## Task to carry out
Lines in the data below that contain the word "Modern" are to be copied.

## Material shown
* * * * * * *

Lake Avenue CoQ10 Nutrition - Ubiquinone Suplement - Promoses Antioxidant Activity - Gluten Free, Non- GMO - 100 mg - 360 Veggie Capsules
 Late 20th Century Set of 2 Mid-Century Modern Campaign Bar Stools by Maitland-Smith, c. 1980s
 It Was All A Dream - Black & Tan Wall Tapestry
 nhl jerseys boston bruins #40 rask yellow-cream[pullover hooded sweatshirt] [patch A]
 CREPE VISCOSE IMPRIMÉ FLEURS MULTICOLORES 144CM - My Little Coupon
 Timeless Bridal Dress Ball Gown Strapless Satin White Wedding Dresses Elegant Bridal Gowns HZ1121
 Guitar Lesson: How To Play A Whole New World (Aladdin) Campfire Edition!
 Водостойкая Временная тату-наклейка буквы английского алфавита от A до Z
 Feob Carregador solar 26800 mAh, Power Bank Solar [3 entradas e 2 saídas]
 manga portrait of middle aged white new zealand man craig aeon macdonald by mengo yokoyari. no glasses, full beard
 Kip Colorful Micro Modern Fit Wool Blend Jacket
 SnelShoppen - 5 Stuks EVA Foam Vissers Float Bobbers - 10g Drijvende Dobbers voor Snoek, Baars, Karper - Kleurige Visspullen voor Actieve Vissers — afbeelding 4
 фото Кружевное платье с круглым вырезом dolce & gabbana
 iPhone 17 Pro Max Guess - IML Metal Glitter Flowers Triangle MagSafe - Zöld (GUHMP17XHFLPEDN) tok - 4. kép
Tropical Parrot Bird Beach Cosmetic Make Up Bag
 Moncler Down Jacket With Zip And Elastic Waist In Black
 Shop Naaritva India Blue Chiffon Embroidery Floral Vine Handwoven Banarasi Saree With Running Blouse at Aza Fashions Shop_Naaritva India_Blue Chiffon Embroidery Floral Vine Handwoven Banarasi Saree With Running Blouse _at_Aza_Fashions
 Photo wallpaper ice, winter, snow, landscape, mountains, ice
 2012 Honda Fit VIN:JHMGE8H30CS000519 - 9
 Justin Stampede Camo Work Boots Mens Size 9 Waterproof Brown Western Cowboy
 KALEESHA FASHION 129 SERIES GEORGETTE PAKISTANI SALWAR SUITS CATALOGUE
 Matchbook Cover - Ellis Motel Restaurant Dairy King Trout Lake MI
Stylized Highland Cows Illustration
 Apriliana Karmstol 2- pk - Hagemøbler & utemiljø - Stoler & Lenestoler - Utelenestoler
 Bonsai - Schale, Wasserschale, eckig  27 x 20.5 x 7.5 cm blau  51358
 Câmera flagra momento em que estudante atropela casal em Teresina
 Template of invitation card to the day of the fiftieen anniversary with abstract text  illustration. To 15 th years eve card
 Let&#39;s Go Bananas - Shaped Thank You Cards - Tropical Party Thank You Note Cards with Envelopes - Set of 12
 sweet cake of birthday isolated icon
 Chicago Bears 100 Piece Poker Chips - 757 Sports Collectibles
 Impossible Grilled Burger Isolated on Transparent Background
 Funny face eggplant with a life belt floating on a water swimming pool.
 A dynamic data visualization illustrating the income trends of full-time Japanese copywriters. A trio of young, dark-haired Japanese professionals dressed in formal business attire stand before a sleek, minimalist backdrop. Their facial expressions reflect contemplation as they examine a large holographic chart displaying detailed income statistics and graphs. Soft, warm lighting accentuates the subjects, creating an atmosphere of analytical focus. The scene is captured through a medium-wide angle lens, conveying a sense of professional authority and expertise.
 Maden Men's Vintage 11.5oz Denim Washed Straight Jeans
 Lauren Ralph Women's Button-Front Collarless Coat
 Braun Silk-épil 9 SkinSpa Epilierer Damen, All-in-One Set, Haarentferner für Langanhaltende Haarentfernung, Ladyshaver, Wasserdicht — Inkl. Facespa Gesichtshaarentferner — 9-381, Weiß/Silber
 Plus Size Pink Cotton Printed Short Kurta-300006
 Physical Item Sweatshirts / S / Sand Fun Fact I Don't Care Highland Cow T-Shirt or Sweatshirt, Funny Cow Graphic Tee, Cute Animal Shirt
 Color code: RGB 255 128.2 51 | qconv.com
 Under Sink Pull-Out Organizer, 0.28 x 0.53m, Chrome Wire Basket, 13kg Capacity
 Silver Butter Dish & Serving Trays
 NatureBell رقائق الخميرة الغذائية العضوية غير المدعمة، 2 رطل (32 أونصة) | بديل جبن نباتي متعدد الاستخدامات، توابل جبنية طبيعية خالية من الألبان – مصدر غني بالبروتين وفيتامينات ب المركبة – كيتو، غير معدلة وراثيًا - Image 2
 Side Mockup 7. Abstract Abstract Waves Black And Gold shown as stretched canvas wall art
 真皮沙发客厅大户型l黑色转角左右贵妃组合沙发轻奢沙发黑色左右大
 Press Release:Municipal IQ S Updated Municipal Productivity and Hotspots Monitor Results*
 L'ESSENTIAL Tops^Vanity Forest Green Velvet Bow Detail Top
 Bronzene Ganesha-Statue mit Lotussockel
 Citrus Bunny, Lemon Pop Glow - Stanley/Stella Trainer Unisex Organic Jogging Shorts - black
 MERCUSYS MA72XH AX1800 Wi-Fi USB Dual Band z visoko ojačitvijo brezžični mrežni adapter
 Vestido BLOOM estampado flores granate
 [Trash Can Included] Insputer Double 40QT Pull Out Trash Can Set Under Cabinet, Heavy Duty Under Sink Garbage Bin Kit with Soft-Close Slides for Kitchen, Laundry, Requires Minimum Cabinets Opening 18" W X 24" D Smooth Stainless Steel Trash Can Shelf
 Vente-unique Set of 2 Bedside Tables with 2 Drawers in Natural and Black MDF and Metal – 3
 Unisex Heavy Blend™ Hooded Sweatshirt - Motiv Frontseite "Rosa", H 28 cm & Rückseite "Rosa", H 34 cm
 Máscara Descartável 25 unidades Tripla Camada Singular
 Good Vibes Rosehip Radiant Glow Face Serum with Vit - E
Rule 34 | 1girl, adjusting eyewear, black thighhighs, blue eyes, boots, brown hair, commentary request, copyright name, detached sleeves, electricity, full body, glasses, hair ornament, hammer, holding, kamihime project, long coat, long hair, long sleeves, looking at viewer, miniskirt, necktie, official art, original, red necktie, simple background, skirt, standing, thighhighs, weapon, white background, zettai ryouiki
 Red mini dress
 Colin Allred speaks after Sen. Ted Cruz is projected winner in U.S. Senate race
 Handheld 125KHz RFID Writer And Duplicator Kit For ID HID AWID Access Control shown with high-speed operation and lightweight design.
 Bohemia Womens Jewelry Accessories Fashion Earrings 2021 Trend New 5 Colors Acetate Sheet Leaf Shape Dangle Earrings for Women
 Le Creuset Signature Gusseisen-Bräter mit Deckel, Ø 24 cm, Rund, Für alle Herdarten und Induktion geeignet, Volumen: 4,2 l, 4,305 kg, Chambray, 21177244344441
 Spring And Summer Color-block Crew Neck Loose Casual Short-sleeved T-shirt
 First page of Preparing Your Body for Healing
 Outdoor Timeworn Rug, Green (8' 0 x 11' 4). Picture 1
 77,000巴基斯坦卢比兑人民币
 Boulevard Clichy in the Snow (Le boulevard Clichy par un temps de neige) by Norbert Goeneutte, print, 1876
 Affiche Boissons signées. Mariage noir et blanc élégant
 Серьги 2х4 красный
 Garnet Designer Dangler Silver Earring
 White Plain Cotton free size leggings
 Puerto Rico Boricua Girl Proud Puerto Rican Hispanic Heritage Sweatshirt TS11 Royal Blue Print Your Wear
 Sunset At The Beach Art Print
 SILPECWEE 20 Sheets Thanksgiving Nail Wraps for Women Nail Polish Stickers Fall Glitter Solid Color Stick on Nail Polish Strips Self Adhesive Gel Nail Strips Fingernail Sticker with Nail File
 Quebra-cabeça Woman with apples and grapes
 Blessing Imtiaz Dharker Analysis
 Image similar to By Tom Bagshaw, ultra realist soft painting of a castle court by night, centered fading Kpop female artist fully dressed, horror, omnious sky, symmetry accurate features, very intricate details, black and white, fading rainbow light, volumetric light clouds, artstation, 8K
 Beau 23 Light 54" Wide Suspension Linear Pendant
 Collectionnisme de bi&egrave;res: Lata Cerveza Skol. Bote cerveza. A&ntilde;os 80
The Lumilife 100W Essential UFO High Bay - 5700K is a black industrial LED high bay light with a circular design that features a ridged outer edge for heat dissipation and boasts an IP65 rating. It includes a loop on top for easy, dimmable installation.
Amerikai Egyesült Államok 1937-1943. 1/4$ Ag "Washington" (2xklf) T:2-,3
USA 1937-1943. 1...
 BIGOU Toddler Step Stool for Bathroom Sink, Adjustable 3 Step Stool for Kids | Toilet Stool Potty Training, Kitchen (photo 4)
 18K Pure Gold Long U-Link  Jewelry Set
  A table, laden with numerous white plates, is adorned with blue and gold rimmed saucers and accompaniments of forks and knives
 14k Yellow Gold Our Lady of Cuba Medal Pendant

* * * * * * *

## Task output
 Late 20th Century Set of 2 Mid-Century Modern Campaign Bar Stools by Maitland-Smith, c. 1980s
 Kip Colorful Micro Modern Fit Wool Blend Jacket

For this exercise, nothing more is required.